L'annonce de ce Nobel coïncide avec la publication d'un rapport alarmiste des experts climat de l'ONU (Giec) qui appellent à des transformations "sans précédent" pour limiter le réchauffement climatique.
Paul Romer, chercheur de 62 ans et ancien économiste en chef de la Banque mondiale, est connu pour avoir théorisé "la croissance endogène" dès 1986, montrant comment l'innovation et le progrès technique participent de manière importante à la croissance, modèle adapté, dans les recherches de William Nordhaus, à l'innovation verte et à l'idée d'une croissance durable.
Il a notamment mis en avant le rôle des forces économiques et des régulations dans "l'inclination" des entreprises à innover.
"Nombreux sont ceux qui pensent que la protection de l'environnement est si coûteuse et difficile à mettre en oeuvre qu'ils préfèrent ignorer le problème, voire nier son existence", a déclaré à l'académie M. Romer, aujourd'hui enseignant à la Stern School of Business de l'université de New York.
Son compatriote William Nordhaus, 77 ans, professeur à l'université de Yale, s'est spécialisé dans la recherche des conséquences économiques du réchauffement climatique.
Il a été le premier, dans les années 1990, à modéliser le lien entre l'activité économique et le climat en conjuguant les théories et l'expérience tirées de la physique, de la chimie et de l'économie, a motivé le jury Nobel.

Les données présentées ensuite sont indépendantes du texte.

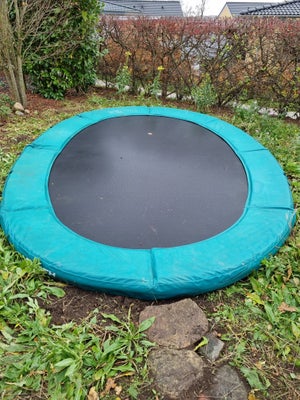 Trampolin, North Classic Oval, Trampolin til nedgravning 5 x 3,2 m.
Til nedgravning med korte ben. D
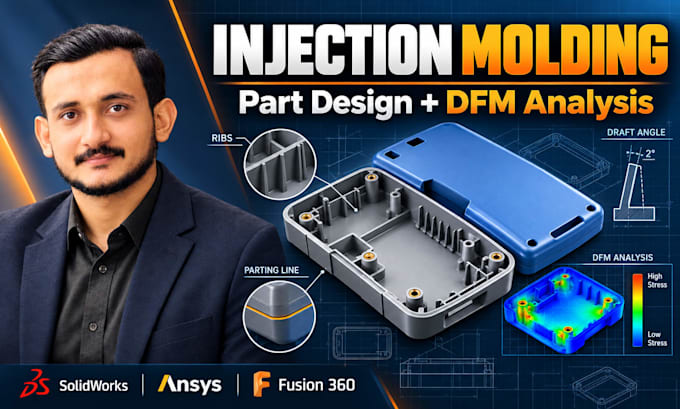 do injection molding part design and dfm analysis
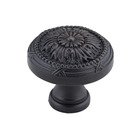 1 1/4" Diameter Knob with Twig and Cross-tie Detail in Brushed Oil Rubbed Bronze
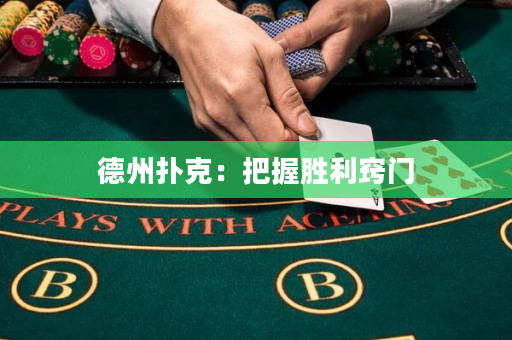 德州扑克：把握胜利窍门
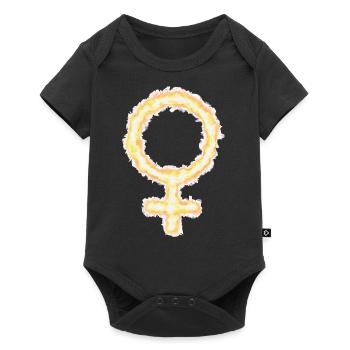 Symbol female, girl, woman - strong, independent - Baby Premium short-sleeve bodysuit - black - Front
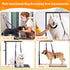 Dog Grooming Belly Strap, Table Arm Extender with Clamp Loop for Small & Medium Dog Hair Cutting (Purple)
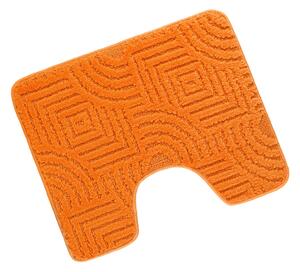 Bellatex BANY 60x50 cm s výkrojem 60x50 cm Bludiště oranžová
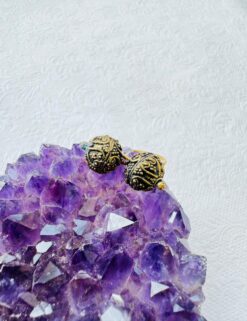 5/20 Pieces Ornate Dual Sphere Brass Ring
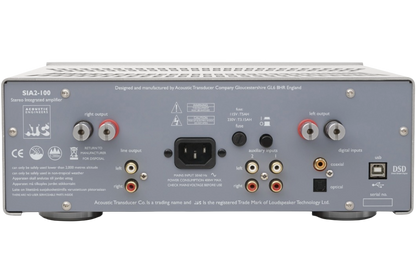 ATC SIA2-150 versterker achterkant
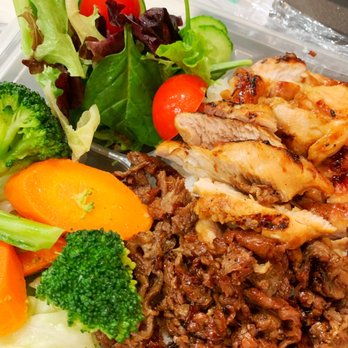 Kabuto - Dragon box for a taste of chicken, beef, salad, veggies & rice. YUM! - Japanese Near Me - Seal Beach, California Kabuto - Dragon box for a taste of chicken, beef, salad, veggies & rice. YUM! - Japanese Near Me - Seal Beach, California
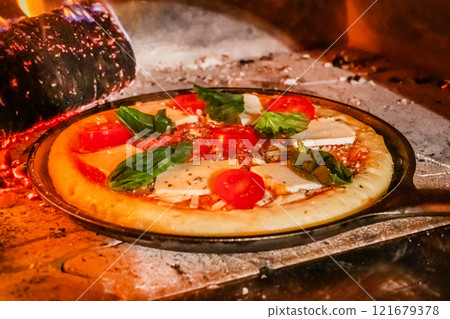Mix pizza Italian delicious food mixture pizza Mix pizza Italian delicious food mixture pizza 121679378
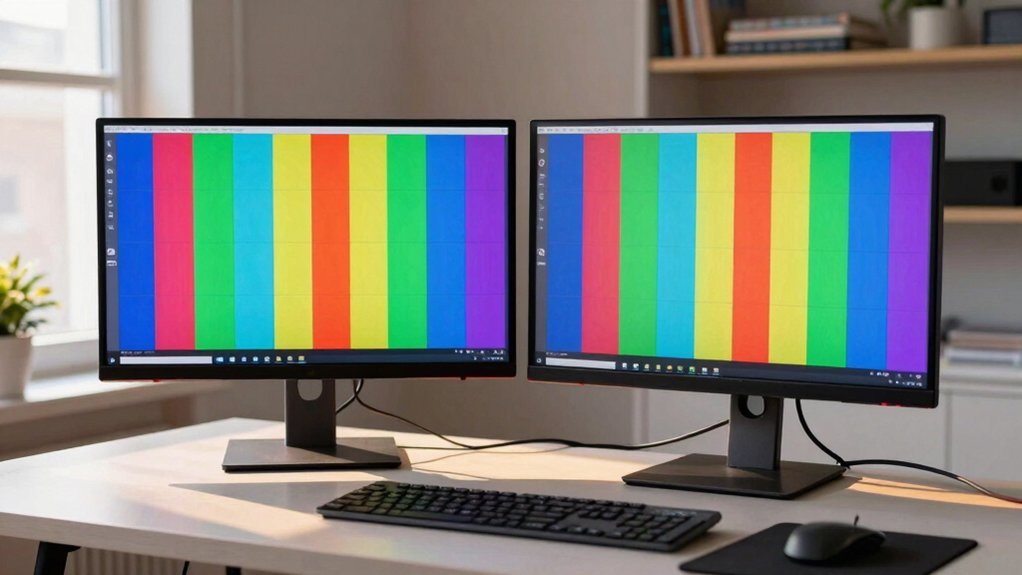 budget dual monitor identical specs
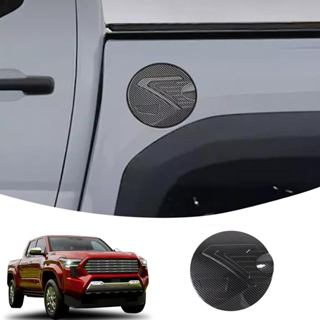 Vỏ bọc nắp bình xăng ô tô Tương thích với Toyota Tacoma 2024 2025 Vỏ nắp khí ABS Viền Vỏ bình xăng Vỏ dán 3D Trang trí phụ kiện ngoại thất (hạt sợi carbon)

Ces travaux font aujourd'hui autorité et servent à prédire ou quantifier les conséquences des politiques climatiques, par exemple la taxe carbone.
Réchauffement climatique
La remise du prix Nobel d'économie coïncide avec la publication d'un rapport de 400 pages par les experts climat de l'ONU (Giec) qui expose les nombreux effets déjà à l'oeuvre, et notamment la menace d'emballement au-delà d'1,5°C de réchauffement (par rapport aux niveaux pré-industriels): vagues de chaleur, extinctions d'espèces, ou déstabilisation des calottes polaires, source de montée des océans sur le long terme.
"Nous pouvons vraiment réaliser des progrès substantiels pour protéger l'environnement sans pour autant renoncer à assurer une croissance durable", a assuré Paul Romer.
Pour les experts climat, les émissions de CO2 devront chuter drastiquement avant 2030 (-45% d'ici 2030) et le monde atteindre une "neutralité carbone" en 2050 (autrement dit il faudra cesser de mettre dans l'atmosphère plus de CO2 qu'on ne peut en retirer), pour rester à 1,5°C.
William Nordhaus milite notamment pour une taxe carbone, uniforme et imposée à tous les pays pour réduire les émissions de gaz à effet de serre dans l'atmosphère.
Les pays récalcitrants qui ne voudraient pas rejoindre ce "club du climat" seraient sanctionnés via des barrières douanières par exemple.
L'année dernière, le prix était allé à l'Américain Richard Thaler, père de la méthode dite du "coup de pouce" censée corriger les comportements irrationnels des consommateurs, contribuables ou investisseurs.
Le dernier-né des Nobel fête cette année ses cinquante ans. Créé en 1968 pour célébrer les 300 ans de la Banque de Suède, il est la récompense la plus prestigieuse pour un chercheur en économie.
Il clôt une édition Nobel 2018 amputée de son prix de littérature en raison de son report d'un an par l'Académie suédoise, affaiblie par un scandale d'agressions sexuelles et de fortes divisions internes.
Vendredi, le prix Nobel de la paix a couronné la Yazidie Nadia Murad, ex-esclave du groupe Etat islamique, et du médecin congolais Denis Mukwege qui oeuvrent à "mettre fin à l'emploi des violences sexuelles en tant qu'arme de guerre".
Le Nobel --un diplôme, une médaille d'or et un chèque de 9 millions de couronnes (environ 860.000 euros)-- sera remis le 10 décembre à Stockholm.